His paintings evoke spontaneous associations with Giorgio de Chirico’s cityscapes with their stylized architectures and starkly contrasting shadows. Whereas de Chirico’s predilection was for depicting towers, arcades, and fragments of classical construction, Schade works with familiar domestic types of buildings and half-timbered constructions. Among his favored building typologies are storage and industrial architectures with cranes, overhanging storeys, and long factory smokestacks, but also stylized mills and castle complexes with overstretched tower steeples on implausibly high, steep cliffs. Half-timbered townhouse facades, with few or no windows and reformed in the postwar era or contrasted with annexes, are also among Schade’s recurrent repertoire. These types of architectures are supplemented with prefab slab-constructed facades, firewalls, single-family homes, and duplex halves, which latter can also be freestanding without their counterparts or depicted as “schizo houses” with two different half-faces. They, too, are shown with few if any windows and generally without doors – at most with garages.
What seems least disturbing are the stage-like, sterile, and hard-edged buildings, which are often depicted in a rigorously frontal view and recall computer graphics when they are placed as models on shelves reminiscent of typesetting cases. In this context, they can enter into proximities and relationships with other buildings, decorative trees, or objects like candles, paintings, or fruit bowls. But these architectonic protagonists are disconcerting when they are placed in deserted, sterile landscapes under the light of the full moon. The constructions often appear to float freely in space without any real connection with the ground. They are equipped with the frequently recurrent motifs of burning campfires, bushes and woodpiles sharply halved, or an axe in a chopping block that looks like a person had just interrupted his labor and would reappear any moment to continue it. Schade’s model architectures show no sign of life or organic material, with the exception of some candle-shaped, smoking chimneys. They contrast with hyper-realistic, often seemingly threatening cloud formations or treetops that seem so real that one almost hears their leaves rustling in the wind.
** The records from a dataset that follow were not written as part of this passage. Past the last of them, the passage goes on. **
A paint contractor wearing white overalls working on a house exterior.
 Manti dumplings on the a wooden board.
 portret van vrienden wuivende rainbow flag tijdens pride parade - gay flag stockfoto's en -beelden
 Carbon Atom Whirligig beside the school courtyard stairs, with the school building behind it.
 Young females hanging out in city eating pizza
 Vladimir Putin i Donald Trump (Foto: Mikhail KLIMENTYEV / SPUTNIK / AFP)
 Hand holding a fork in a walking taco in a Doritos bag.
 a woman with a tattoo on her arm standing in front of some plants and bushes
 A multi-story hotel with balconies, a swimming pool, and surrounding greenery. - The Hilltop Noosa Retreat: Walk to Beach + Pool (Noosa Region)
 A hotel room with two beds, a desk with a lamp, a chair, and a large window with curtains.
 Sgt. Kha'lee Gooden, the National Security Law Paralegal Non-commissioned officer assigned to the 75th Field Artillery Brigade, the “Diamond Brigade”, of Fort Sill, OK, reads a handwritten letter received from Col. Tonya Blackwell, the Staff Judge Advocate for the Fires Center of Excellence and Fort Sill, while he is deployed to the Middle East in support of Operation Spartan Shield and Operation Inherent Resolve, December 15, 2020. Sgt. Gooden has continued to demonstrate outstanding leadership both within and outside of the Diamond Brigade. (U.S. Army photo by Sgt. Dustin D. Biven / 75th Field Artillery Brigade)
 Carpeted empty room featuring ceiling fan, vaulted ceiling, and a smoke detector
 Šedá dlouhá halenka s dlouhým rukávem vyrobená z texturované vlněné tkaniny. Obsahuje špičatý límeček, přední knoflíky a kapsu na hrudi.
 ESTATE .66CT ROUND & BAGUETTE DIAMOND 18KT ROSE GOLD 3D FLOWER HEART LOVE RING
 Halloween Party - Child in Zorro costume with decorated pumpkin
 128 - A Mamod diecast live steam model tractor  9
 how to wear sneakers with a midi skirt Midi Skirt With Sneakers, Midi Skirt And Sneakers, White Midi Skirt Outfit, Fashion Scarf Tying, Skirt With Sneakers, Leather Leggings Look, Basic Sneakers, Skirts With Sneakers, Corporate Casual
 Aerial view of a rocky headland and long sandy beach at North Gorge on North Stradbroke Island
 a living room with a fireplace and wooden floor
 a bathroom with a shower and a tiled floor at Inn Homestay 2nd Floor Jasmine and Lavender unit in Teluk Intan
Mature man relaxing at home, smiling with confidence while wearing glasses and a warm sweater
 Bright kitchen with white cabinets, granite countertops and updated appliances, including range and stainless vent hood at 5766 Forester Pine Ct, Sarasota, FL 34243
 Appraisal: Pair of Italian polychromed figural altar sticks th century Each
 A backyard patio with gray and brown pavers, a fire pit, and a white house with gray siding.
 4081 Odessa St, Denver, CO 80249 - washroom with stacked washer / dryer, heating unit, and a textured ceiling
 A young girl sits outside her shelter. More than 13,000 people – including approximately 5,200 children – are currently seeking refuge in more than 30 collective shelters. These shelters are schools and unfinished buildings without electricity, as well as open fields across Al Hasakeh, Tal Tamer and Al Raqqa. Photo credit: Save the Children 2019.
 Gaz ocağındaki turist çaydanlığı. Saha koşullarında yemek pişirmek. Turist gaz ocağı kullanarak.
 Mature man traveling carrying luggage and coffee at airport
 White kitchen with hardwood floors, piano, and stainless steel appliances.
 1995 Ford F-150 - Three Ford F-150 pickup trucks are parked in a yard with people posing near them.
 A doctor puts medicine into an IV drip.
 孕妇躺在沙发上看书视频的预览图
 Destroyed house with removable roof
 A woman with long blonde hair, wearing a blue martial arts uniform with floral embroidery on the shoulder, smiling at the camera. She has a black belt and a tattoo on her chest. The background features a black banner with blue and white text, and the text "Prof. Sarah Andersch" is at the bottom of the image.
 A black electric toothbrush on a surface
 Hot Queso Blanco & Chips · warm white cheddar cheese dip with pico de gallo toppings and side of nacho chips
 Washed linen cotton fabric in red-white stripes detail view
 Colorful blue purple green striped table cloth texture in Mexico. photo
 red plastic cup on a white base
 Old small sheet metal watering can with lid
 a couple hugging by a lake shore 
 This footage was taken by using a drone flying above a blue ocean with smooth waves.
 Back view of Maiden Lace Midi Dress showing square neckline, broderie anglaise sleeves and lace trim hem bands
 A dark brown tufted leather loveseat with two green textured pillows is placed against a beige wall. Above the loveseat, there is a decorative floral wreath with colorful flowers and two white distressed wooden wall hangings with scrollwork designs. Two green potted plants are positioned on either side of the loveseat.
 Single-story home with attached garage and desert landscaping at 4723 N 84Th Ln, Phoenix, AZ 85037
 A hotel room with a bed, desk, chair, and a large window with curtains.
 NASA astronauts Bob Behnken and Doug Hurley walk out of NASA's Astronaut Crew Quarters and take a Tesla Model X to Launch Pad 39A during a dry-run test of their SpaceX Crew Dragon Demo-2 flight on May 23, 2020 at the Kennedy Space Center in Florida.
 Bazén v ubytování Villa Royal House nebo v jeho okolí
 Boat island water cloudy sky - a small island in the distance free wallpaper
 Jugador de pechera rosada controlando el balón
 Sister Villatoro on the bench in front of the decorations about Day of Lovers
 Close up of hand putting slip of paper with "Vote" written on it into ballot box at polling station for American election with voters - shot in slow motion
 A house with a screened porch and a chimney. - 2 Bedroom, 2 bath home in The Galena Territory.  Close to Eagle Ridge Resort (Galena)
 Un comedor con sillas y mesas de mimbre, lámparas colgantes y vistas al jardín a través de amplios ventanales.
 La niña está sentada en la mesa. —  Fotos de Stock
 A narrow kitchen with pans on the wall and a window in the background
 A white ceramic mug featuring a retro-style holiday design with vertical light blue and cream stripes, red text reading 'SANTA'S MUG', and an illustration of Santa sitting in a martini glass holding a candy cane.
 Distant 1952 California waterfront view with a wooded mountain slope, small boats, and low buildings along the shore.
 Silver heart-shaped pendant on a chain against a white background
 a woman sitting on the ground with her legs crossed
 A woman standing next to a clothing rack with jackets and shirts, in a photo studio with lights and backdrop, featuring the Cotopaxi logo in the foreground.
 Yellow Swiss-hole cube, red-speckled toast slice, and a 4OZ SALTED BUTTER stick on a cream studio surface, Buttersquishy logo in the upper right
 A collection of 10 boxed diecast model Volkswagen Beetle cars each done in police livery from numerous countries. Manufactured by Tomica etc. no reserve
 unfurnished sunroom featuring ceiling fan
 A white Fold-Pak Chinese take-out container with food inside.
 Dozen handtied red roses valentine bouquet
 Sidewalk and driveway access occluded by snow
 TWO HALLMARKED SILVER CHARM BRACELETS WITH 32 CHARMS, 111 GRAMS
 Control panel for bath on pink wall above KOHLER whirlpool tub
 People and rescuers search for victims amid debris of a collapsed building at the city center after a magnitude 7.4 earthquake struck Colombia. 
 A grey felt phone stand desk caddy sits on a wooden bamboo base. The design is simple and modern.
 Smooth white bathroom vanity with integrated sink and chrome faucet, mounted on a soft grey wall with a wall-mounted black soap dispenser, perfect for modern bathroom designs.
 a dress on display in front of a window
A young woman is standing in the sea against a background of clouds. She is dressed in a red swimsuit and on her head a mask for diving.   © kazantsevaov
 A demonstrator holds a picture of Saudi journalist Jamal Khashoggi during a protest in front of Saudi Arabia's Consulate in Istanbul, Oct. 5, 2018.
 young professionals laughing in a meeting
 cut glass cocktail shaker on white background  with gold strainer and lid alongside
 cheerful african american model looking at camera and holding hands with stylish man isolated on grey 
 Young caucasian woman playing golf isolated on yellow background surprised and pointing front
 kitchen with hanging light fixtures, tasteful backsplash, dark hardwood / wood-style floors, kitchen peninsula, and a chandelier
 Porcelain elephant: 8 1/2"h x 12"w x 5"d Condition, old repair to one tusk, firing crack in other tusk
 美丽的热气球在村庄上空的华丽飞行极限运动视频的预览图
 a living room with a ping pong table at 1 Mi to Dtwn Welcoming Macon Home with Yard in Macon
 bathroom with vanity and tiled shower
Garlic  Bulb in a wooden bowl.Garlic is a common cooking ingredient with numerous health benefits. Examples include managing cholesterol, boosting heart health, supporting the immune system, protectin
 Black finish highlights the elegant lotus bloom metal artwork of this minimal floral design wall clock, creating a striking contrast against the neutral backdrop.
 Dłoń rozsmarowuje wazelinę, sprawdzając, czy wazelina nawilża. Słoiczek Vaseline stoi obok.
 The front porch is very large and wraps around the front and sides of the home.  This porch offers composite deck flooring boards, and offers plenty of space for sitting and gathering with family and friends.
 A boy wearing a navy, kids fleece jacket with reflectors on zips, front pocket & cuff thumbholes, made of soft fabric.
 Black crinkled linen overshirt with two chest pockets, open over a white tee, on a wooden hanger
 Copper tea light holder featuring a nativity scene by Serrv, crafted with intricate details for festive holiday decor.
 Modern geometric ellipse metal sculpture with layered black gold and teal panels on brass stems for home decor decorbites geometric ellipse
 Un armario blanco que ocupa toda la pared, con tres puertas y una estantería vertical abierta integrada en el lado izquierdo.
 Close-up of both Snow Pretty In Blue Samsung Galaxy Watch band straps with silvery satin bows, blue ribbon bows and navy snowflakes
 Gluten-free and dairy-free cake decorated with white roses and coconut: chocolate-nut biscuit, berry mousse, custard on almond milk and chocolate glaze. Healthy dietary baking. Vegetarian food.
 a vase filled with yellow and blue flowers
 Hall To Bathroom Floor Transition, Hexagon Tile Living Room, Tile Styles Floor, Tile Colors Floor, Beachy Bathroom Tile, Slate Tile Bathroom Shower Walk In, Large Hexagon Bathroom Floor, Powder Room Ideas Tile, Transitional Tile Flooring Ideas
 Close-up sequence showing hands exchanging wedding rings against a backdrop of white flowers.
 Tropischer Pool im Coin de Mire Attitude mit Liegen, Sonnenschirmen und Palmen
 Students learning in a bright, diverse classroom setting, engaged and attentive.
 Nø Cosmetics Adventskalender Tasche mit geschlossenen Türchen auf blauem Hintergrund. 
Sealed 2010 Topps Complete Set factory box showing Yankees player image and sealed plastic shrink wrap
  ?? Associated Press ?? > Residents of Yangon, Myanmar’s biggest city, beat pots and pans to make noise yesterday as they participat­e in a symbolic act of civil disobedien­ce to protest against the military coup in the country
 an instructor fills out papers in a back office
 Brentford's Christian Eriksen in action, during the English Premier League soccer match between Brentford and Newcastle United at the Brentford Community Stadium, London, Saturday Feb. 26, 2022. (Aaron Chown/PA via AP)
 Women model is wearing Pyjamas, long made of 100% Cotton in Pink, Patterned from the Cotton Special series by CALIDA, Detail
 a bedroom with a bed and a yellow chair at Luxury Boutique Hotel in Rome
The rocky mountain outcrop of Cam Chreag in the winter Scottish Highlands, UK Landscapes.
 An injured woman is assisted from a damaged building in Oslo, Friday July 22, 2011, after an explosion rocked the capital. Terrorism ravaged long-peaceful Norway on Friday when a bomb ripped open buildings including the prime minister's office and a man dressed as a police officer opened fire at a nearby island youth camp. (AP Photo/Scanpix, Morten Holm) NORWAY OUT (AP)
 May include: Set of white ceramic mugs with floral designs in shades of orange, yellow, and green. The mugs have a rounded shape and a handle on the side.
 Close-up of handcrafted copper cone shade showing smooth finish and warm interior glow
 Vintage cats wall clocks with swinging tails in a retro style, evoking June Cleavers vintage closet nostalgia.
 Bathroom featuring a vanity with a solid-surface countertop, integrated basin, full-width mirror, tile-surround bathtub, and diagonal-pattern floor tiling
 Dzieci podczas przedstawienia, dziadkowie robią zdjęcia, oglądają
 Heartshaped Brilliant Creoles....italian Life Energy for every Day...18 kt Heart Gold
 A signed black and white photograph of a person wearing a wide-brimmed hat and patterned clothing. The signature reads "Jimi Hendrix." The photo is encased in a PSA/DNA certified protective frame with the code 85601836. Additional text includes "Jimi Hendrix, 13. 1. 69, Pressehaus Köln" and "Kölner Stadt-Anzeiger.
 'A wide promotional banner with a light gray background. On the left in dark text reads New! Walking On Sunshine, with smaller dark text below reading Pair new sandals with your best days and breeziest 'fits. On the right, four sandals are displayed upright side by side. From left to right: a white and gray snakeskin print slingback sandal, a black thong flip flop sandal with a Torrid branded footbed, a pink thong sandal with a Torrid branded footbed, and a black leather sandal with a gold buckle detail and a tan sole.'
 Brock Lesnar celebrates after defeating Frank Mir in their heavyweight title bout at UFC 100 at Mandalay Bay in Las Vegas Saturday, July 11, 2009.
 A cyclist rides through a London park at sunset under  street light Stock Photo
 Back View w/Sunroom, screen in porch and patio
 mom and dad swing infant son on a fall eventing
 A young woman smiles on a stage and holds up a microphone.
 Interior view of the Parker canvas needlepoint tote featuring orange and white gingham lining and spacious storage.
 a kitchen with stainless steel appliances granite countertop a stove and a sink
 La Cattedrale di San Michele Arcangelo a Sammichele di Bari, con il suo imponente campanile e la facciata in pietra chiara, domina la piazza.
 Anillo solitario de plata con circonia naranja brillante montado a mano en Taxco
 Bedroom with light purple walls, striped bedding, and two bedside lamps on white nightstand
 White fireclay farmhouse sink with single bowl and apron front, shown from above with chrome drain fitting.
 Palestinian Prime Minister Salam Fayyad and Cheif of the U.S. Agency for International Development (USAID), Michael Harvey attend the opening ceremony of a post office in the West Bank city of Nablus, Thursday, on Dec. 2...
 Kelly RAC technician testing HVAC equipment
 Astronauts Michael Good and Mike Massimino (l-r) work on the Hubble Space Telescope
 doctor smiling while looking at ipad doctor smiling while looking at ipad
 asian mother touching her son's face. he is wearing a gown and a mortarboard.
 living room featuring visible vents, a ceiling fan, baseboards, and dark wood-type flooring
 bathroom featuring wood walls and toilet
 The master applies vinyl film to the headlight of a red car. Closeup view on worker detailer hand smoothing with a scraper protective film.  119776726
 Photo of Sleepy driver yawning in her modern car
However unreal, stage-like, and lifeless the painted architectures and their settings may be, they take on additional intensity by being more powerfully anchored in our current architectural culture than a first glance might suggest. Schade does not depict real buildings – but countless relatives with similar characteristics can be found in the industrial parks and peripheral areas of our cities. His single-family houses and duplexes, which reflect themselves in their wall decorations or in the shapes of birdhouses, are not far removed from the reality of many present-day tracts. Their new constructions are often based on modular components that enable builders to use the building block principle to design the same type of house in a Tuscan, Mediterranean, Art Deco, or Classical Modern style. To upgrade existing buildings, the do-it-yourself stores offer an inexhaustible repertoire of recurrent, ubiquitous decorative elements. With their fully sealed or graveled front yard deserts that recall lunar landscapes, where pruned and topiaried boxwoods are often the sole surviving plants, many tracts of single-family homes radiate hardly any more life than the architectonic scenes in Titus Schade’s paintings, which hence sometimes appear more real than reality.